Try it
Set down, exactly as they stand, the lines from the one containing "48v 10kwh 10.24kwh" through the last line of the records below, leaving every picture out.
:: Given data
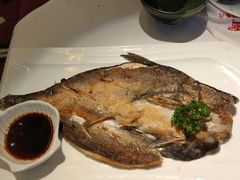 香煎巴沙鱼-太平馆西餐厅(北京路店)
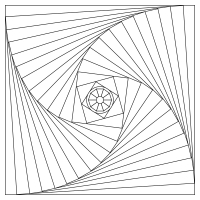 Mandala Geometrico Nr. 004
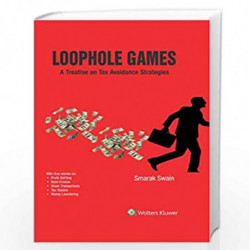 Loophole Games by SMARAK SWAIN Book-9789388696364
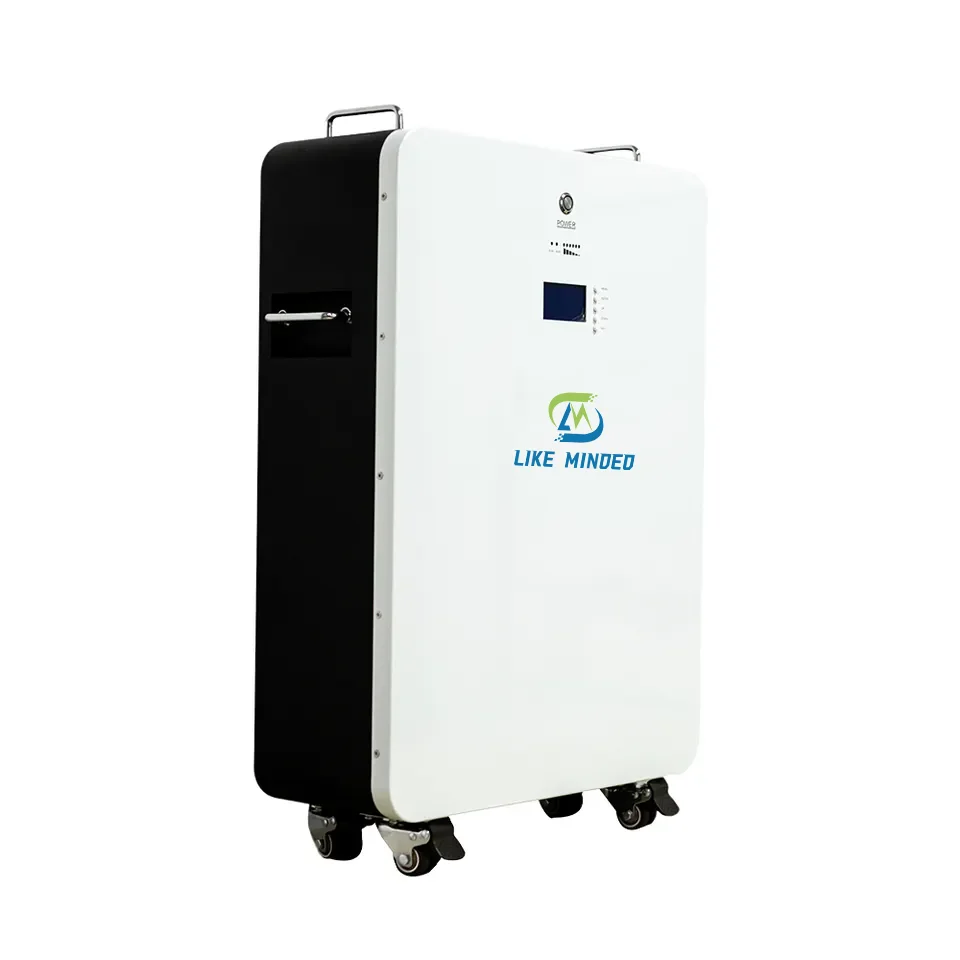 48v 10kwh 10.24kwh Lifepo4 Lithium Ion Batteries 3000 Circles Discharging and Charging Lfp
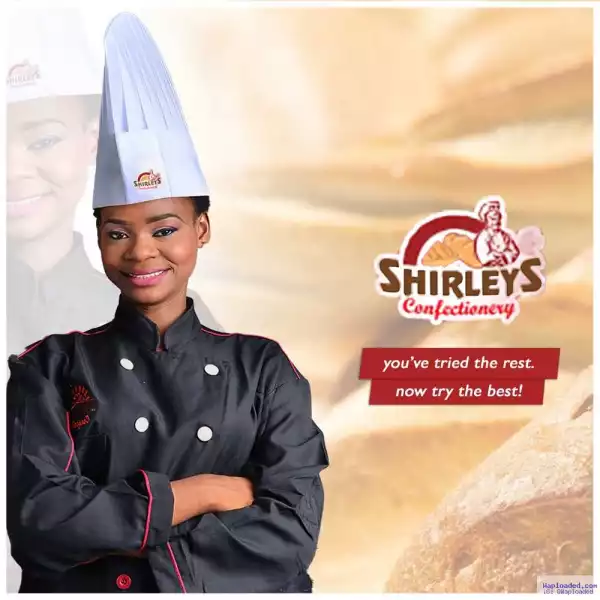 Photos: Ex Agege Bread Seller Turned Model Looks Beautiful As The Face Of Shirley Confectionery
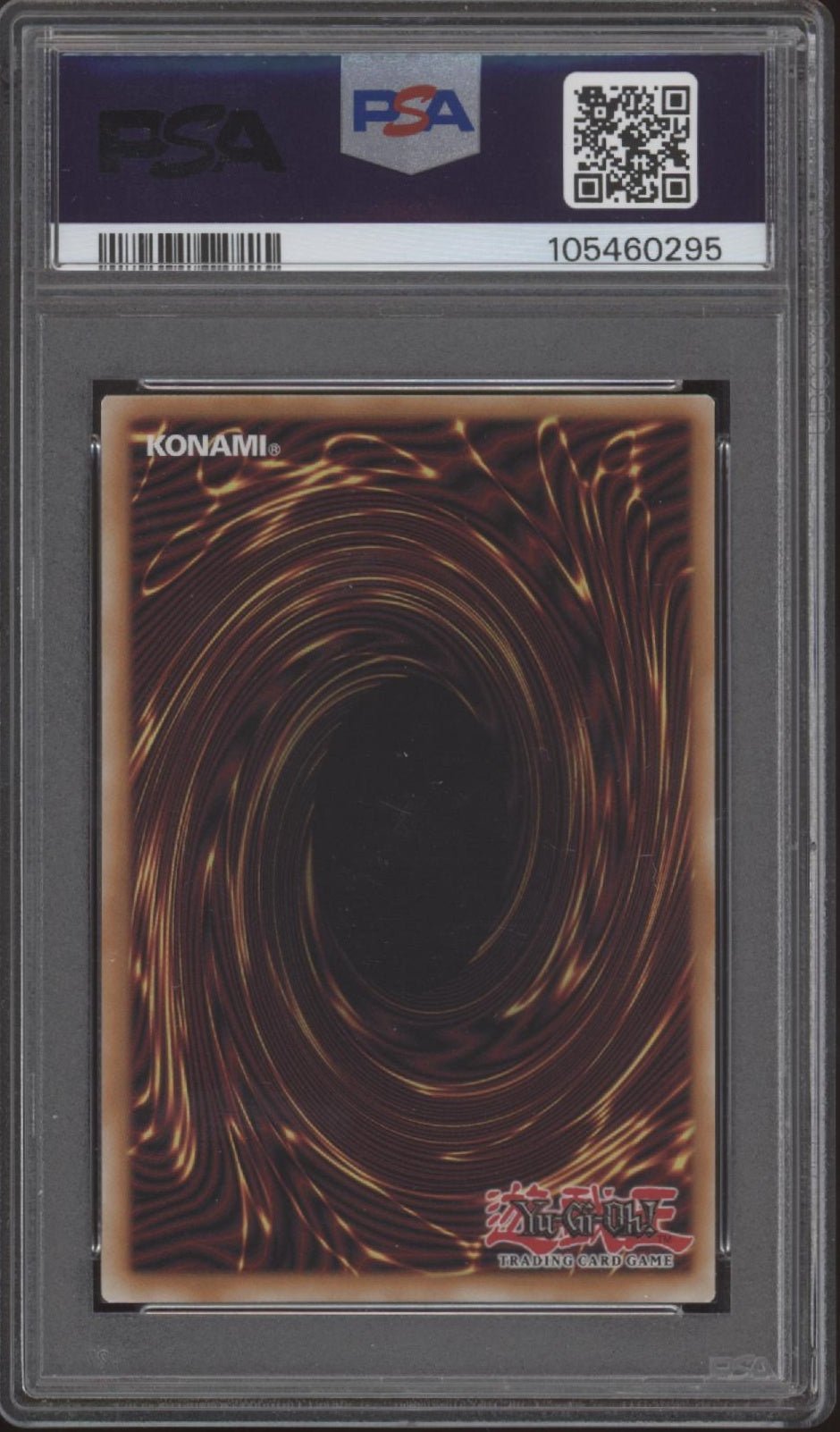 Chaos Emperor Dragon - Envoy of the End Yu - Gi - Oh! IOC Reprint #000 PSA 9 - Collector Store LLC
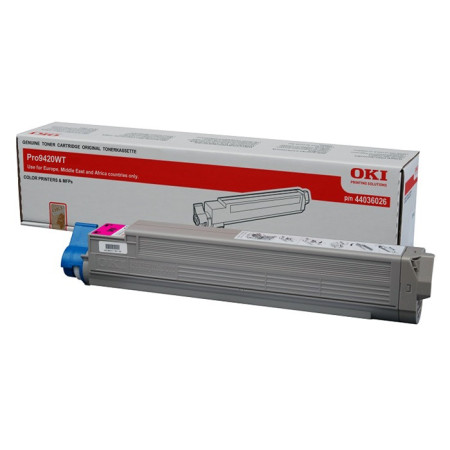 Oki 44036026 Magenta — Cartus de toner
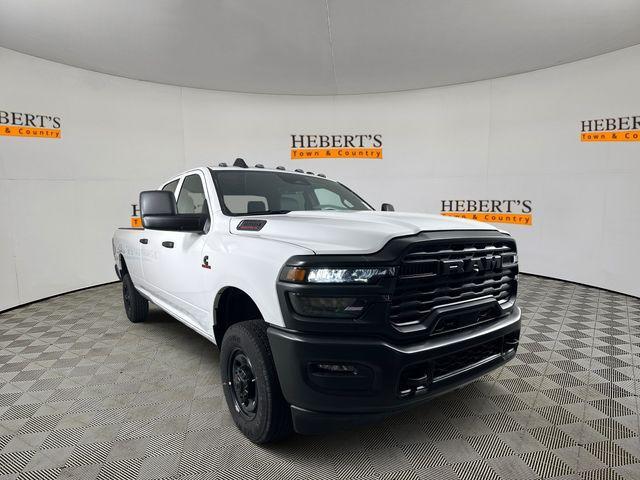 Photo of 2025 Bright White Clearcoat RAM 2500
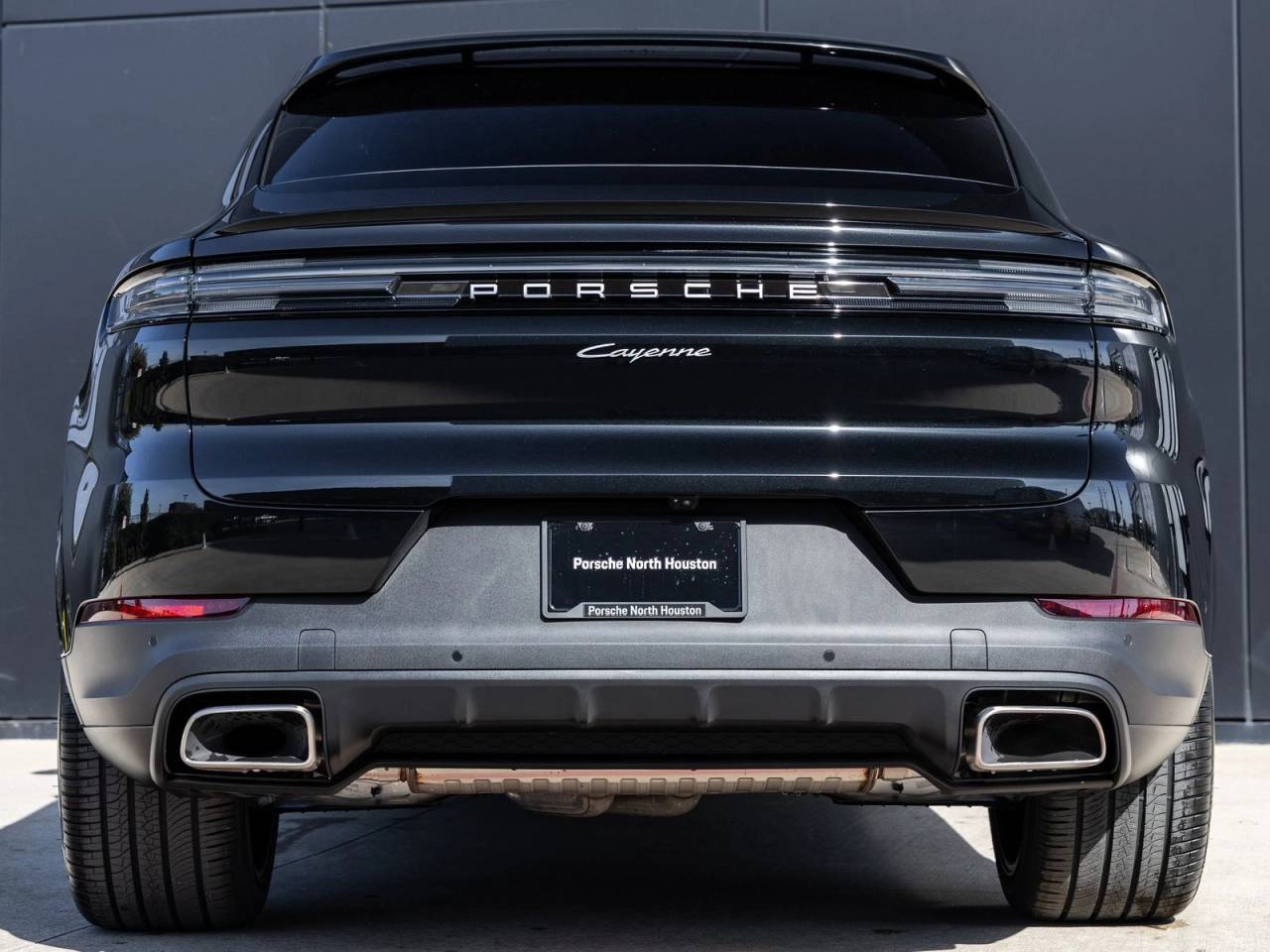 2026 Porsche Cayenne Coupe Cayenne Coupe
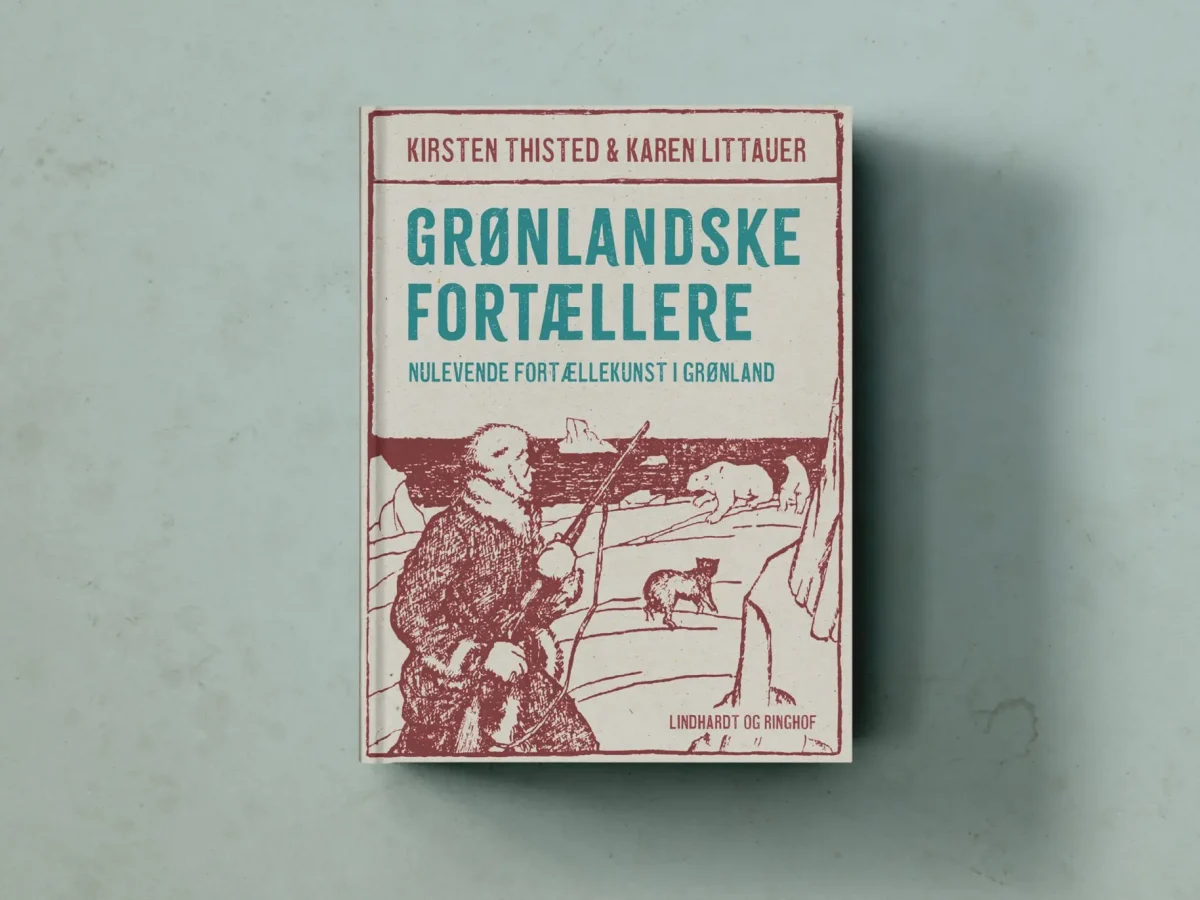 Grønlandske fortællere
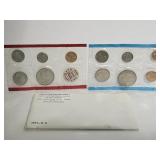 1971 US Mint Unc. Coin Set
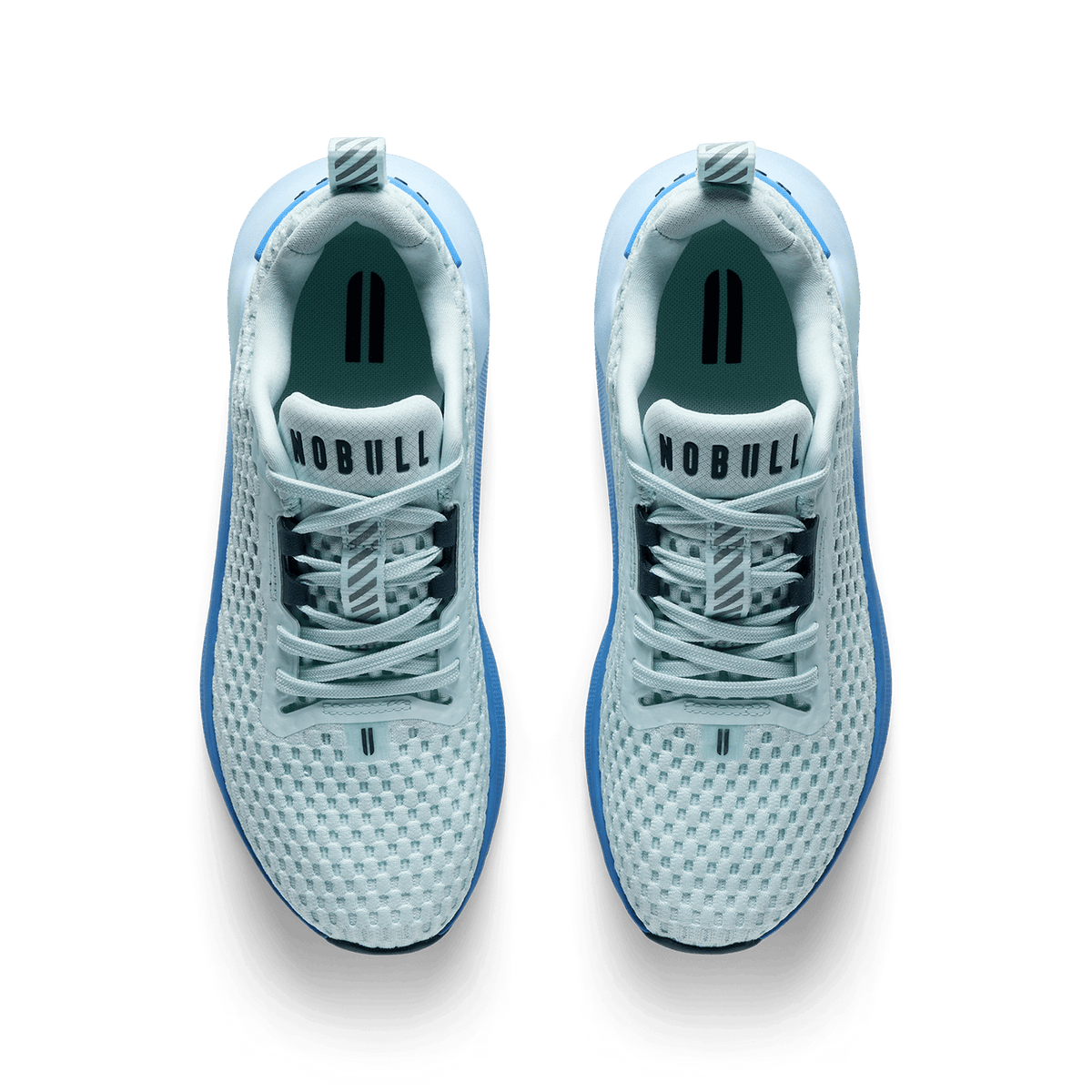 NOBULL Men's Saltwater Light Blue Journey 2 Shoes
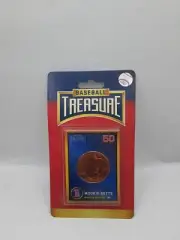 Baseball Treasure Mookie Betts Boston Red Sox RF (NEW)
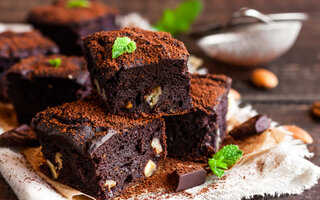 Brownie de Chocolate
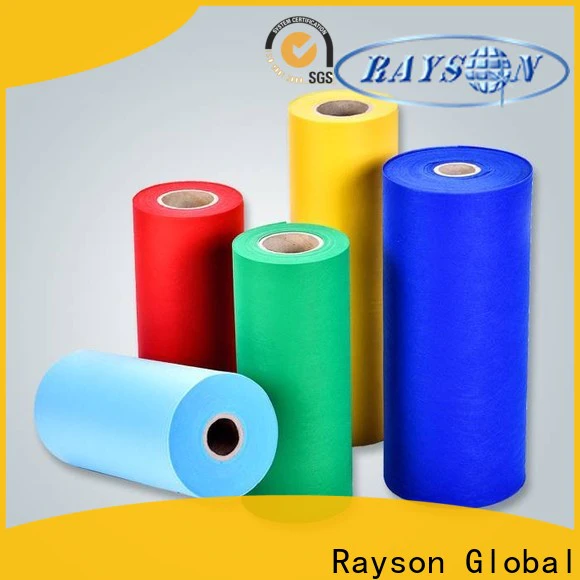 rayson nonwoven elongation yanjan nonwoven company for packaging
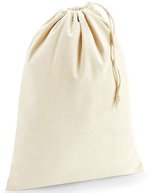 Revive Recycled Stuff Bag – Natural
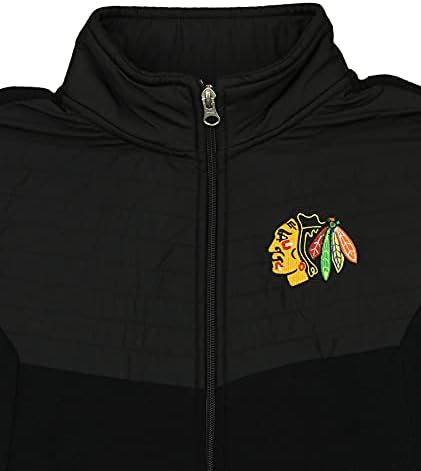 Outerstuff NHL dječaka mladića puna jakna s patentnim zatvaračem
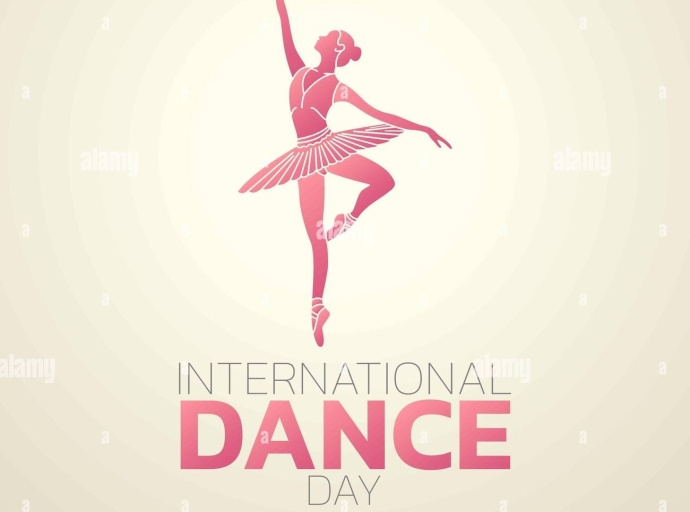 Awe 29 di April ta celebra e Dia Internacional di Danza for di Popular y Folklorico te Clasico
::::
Your solution
 48v 10kwh 10.24kwh Lifepo4 Lithium Ion Batteries 3000 Circles Discharging and Charging Lfp
 Photos: Ex Agege Bread Seller Turned Model Looks Beautiful As The Face Of Shirley Confectionery
 Chaos Emperor Dragon - Envoy of the End Yu - Gi - Oh! IOC Reprint #000 PSA 9 - Collector Store LLC
 Oki 44036026 Magenta — Cartus de toner
 Photo of 2025 Bright White Clearcoat RAM 2500
 2026 Porsche Cayenne Coupe Cayenne Coupe
 Grønlandske fortællere
 1971 US Mint Unc. Coin Set
 NOBULL Men's Saltwater Light Blue Journey 2 Shoes
 Baseball Treasure Mookie Betts Boston Red Sox RF (NEW)
 Brownie de Chocolate
 rayson nonwoven elongation yanjan nonwoven company for packaging
 Revive Recycled Stuff Bag – Natural
 Outerstuff NHL dječaka mladića puna jakna s patentnim zatvaračem
 Awe 29 di April ta celebra e Dia Internacional di Danza for di Popular y Folklorico te Clasico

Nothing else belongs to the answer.